I have enjoyed the threads here and youtube videos on this topic. Thank you for this content! I am particularly interested in the 3k analysis and find it to be insightful and accurate. There is one aspect of 3k karate that is sometimes addressed but possibly not given the critique that it deserves. It is the following. In 3K karate I do not think its practitioners believe they are practicing 3k karate for merely health, discipline, self-improvement, character development, fitness, etc. People practice something like yoga for those reasons. But unlike yoga, 3k practitioners honestly believe that there is a transferrence of skill from 3k karate to combat effectiveness. They honestly believe that the voluminous number of kata details, refinements, and so forth do in fact carry over to combat to a worthwhile degree. I think they will refuse to acknowledge that all of the tedious corrections of kata techniques over the years primarily serve the purpose of improving kata, and have little or nothing to do with actual combat effectiveness.
Jesse Enkamp's youtube video about "Why Karate Doesn't Work" provides an informative history lesson on the differences between different versions of karate over the years. However, I think he spins the often heard question or complaint that "Karate Doesn't Work" into a misunderstanding over the different versions of karate. The inquirer is not an idiot and in need of a basic history lesson. The person asking this question is inquiring whether or not sport kumite skills would actually be effective in real combat. The person asking this question is inquiring whether or not incessant focus on kata details would be effective in real combat. I don't think there is a hidden meaning or mystery in the phrase "Karate doesn't work". The playfulness over the semantics is entertaining but it dances around the core of the question and leaves it unanswered. If you're going to seriously tackle it, answer whether or not excellence in kata transfers to combat skills, and so forth.
Ian's stated position in his youtube video on 3k karate is careful and perhaps too polite towards 3k practitioners so as to not offend. He clearly says in conclusion that there's nothing wrong with 3k karate as long as it is done for health, enjoyment, culture, but then says that it's a different matter if one says that 3k is practical (which it is not).
The elephant in the room is that 3k practitioners do think their karate is practical. They do think there is significant transferrence of skill to combat effectiveness. Please, someone correct me if I am wrong but I do not see 3k folks willing to concede that their practice is merely for health, enjoyment, culture, fitness and related reasons. Practicality in the form of transferrence of skill to combat is one of those reasons they will give. It might not be worded in precisely that way from the average person when asked. Usually you'll here a few descriptors of self-defense in their list of reasons. I think it is at the point where a necessary component of 3k karate is the view that its practitioners believe it is practical, but it isn't. It is impractical. And it's adherents are wrong when they think it is practical.

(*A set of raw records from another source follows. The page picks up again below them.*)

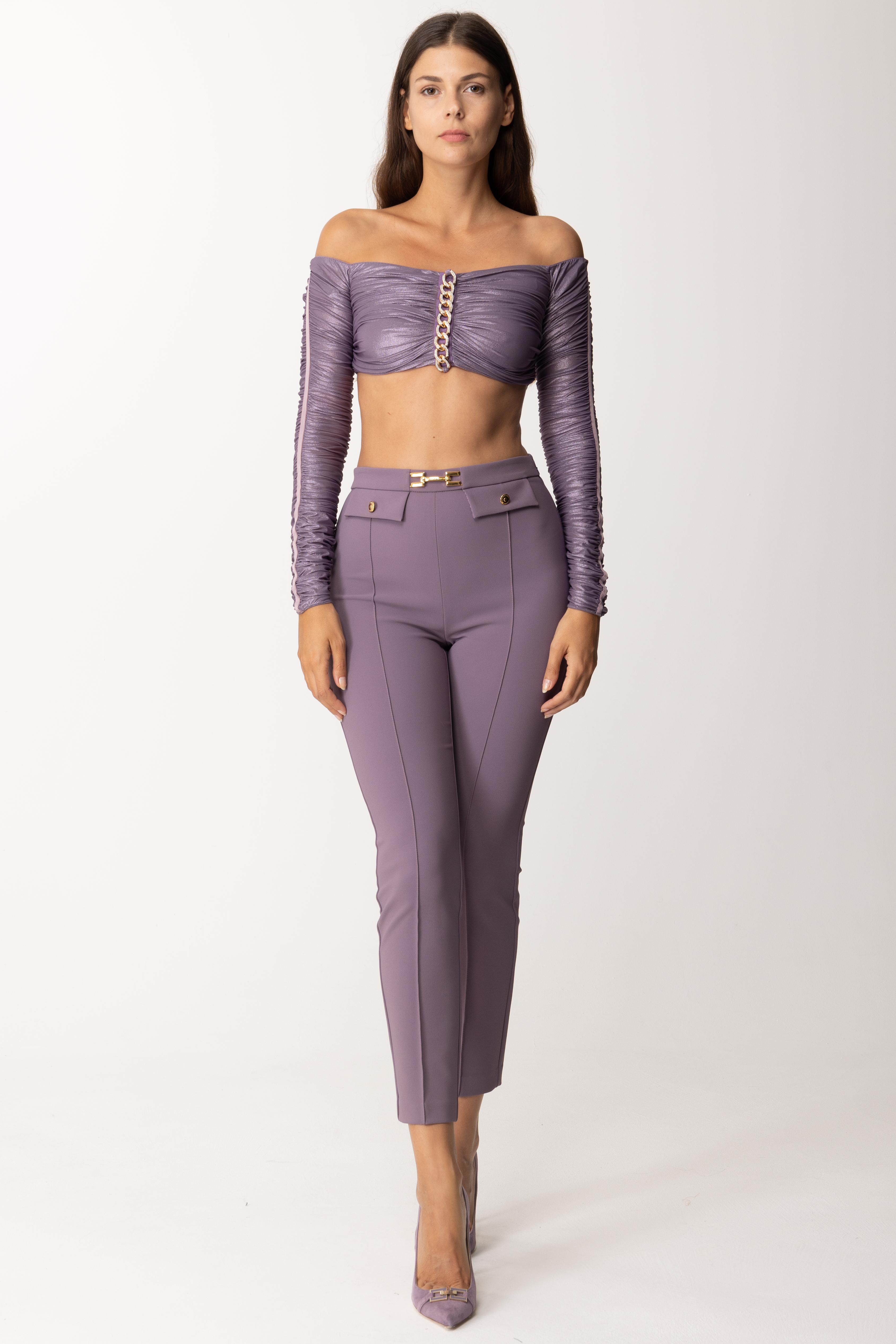 Preview: Elisabetta Franchi Laminated jersey crop top with chain CANDY VIOLET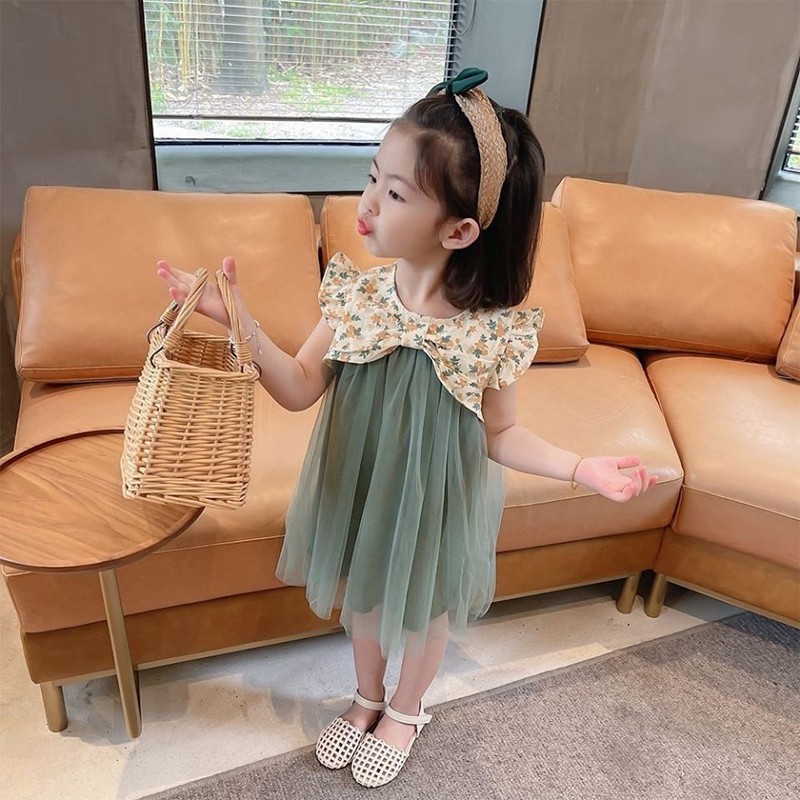 Đầm Công Chúa Phối Lưới Họa Tiết Hoa Phong Cách Phương Tây Cho Bé Gái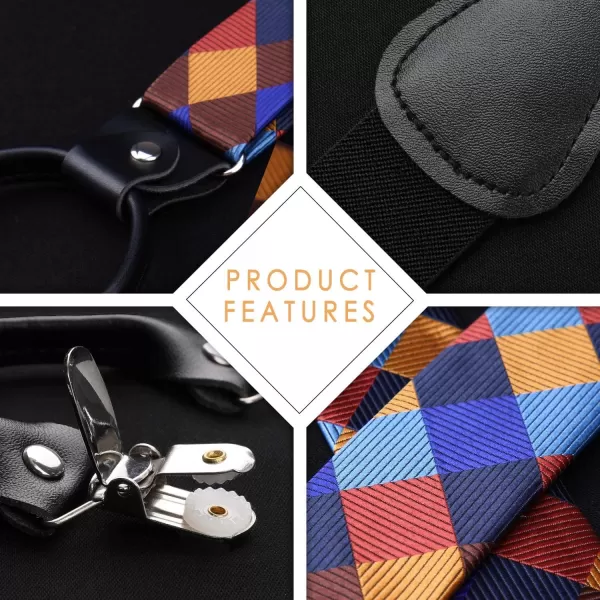 HISDERN Bow tie and Suspenders for Men Plaid Suspender Self Bowtie Pocket Square Adjustable Y Shape Mens Trouser Braces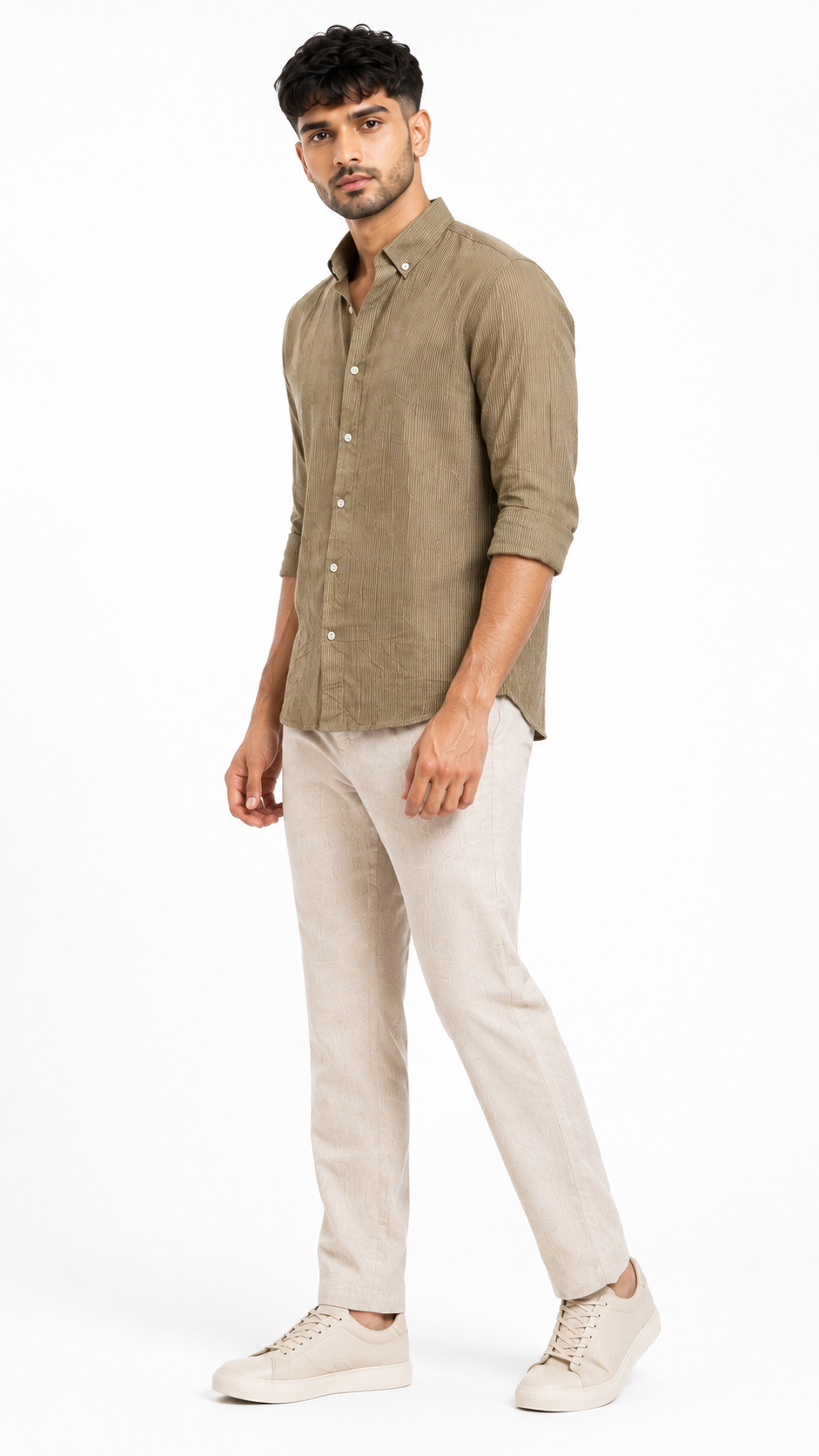 Tailored Dot Striped Linen Shirt - Khaki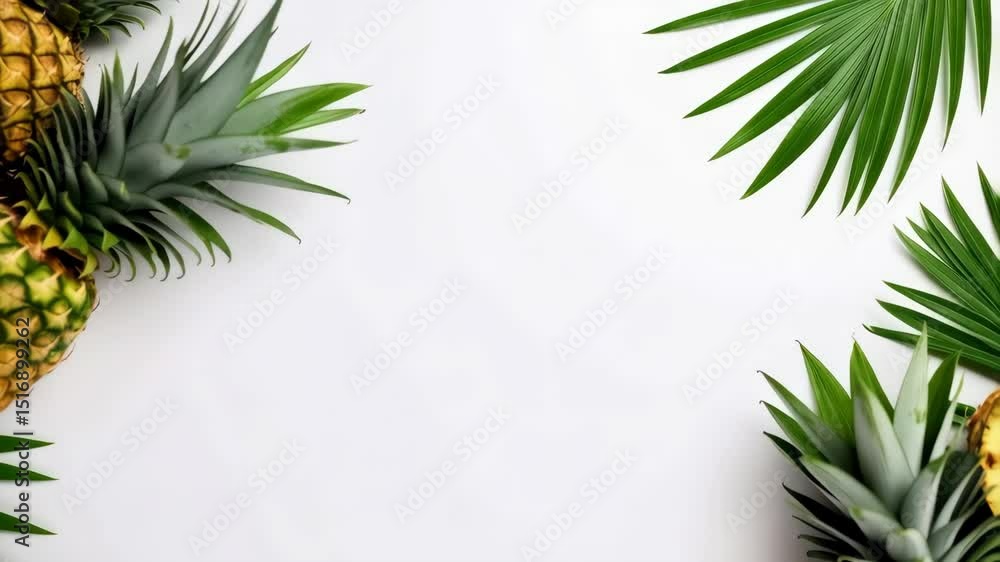 Exotic pineapples and tropical green fronds arranged on clean white background for summer food or island getaway concept. Exotic pineapples and tropical green fronds arranged on clean white background for summer food or island getaway concept.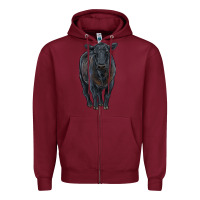 Burgundy black angus cattle Zipper Hoodie - RanaPortraitStore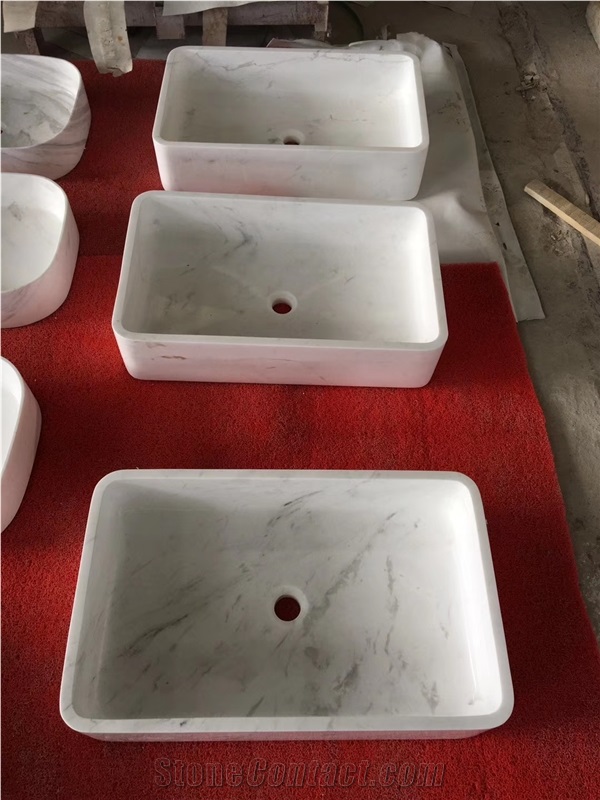 Volakas Venus White Marble Rectangle Sink Basin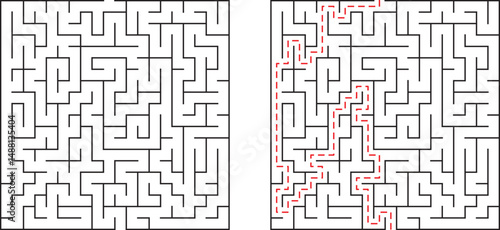 A complex maze solved and unsolved illustrating the path and solution concept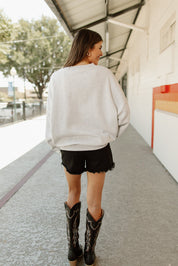 TEXAS LONGHORNS GO FIGHT WIN PREMIUM FLEECE DROP SHOULDER CREWNECK PULLOVER BY MADI PREWETT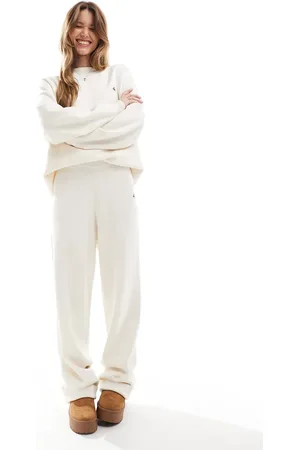 4th & Reckless X Felicia Wedin Apres Ski knitted wide leg pants in (part of a set)-White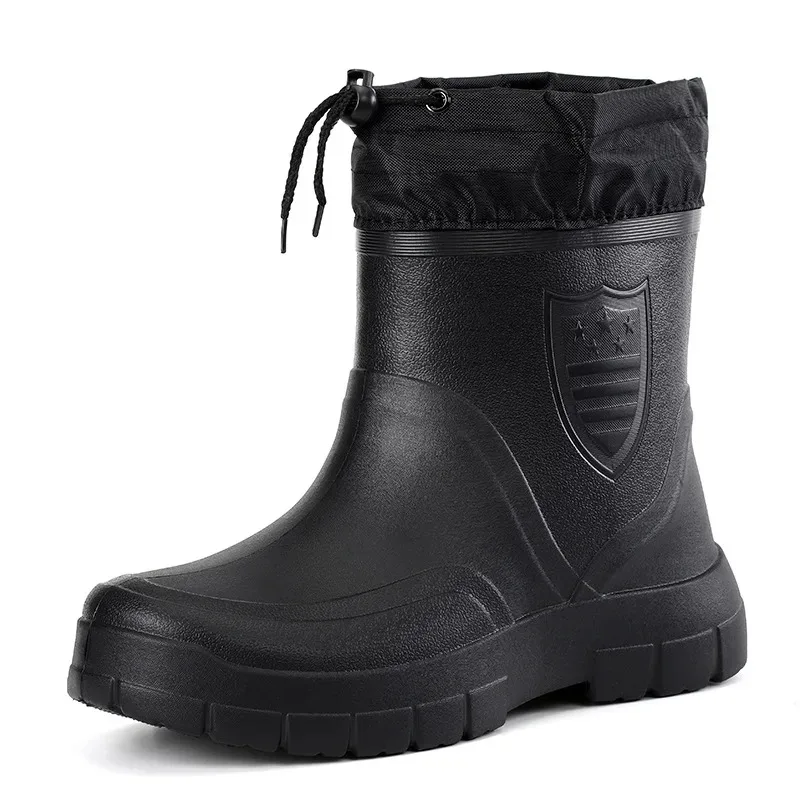 

Men Rain Shoes High Quality Non-slip Rain Boots Fashion Mid-calf Waterproof Work Shoes for Men Spring Winter Keep Warm Rain Shoe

I'm bringing this up not to be mean but because I think it should be called out. It is dangerous to propagate a misleading confidence that one's hours and years of practice amount to practical combat skills when they do not. I'm at a loss for a catchy acronym to replace 3k karate. There ought to be something that does a better job of capturing the fact that it is impractical, or ineffective for combat. I appreciate the full description of "3K's and never the 3 shall meet" but it's just too nice and leaves out too much. As a consequence, karate which is done differently with a focus on bunkai and combat effectiveness does not get the credit that it deserves.